COMMENTING on the news that Bank of Ireland’s €65million contribution to the overall fund being administered and lent out by SBCI has already been drawn down, ICMSA president John Comer said that the massive demand for these loans demonstrated vividly the extent of the funding crisis in farms across the state. 

He also spoke of what he called the ‘consistent underestimate’ of the financial challenges faced by dairy farmers in the wake of the milk price collapse in the 18 months up to last September. 

Mr Comer said that he was not convinced that our policymakers understood or appreciated the financial wreckage that resulted from such a prolonged period in which farmers were receiving a price substantially below the cost of production.

‘Two things will strike most observers: the speed with which this money has been loaned out signals the acute financial position in which many farms – often very well run – find themselves as they work though the ‘hangover’ from the 2015-2016 milk price collapse. The second question arises around the constant and long-term problem of funding being made available at competitive, realistic, interest rates.  

‘Farmers are asking – certainly ICMSA is asking – why we have such hype and hoop-la around loans being made available at interest rates that are still above those being charged by mainland European banks on their farm loans?

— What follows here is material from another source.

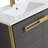 30" Single Bathroom Vanity-72340755-72340758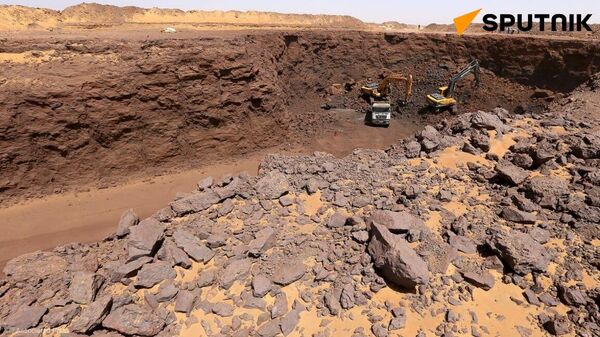 Algeria Sets Course for Iron Ore Self-Sufficiency by 2026 - Sputnik Africa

We’re expected to be so grateful for these concessions on interest rates that we forget that these kinds of rates should actually be the norm. 

Mr Comer maintains: ‘Farmers are so used to excess rates that we focus on this kind of concession instead of demanding of our Central Bank that we have funds available to borrow at the kinds of rates that are routinely charged by comparable mainland EU banks who borrow their money from the same sources as our banks and at the same rates.’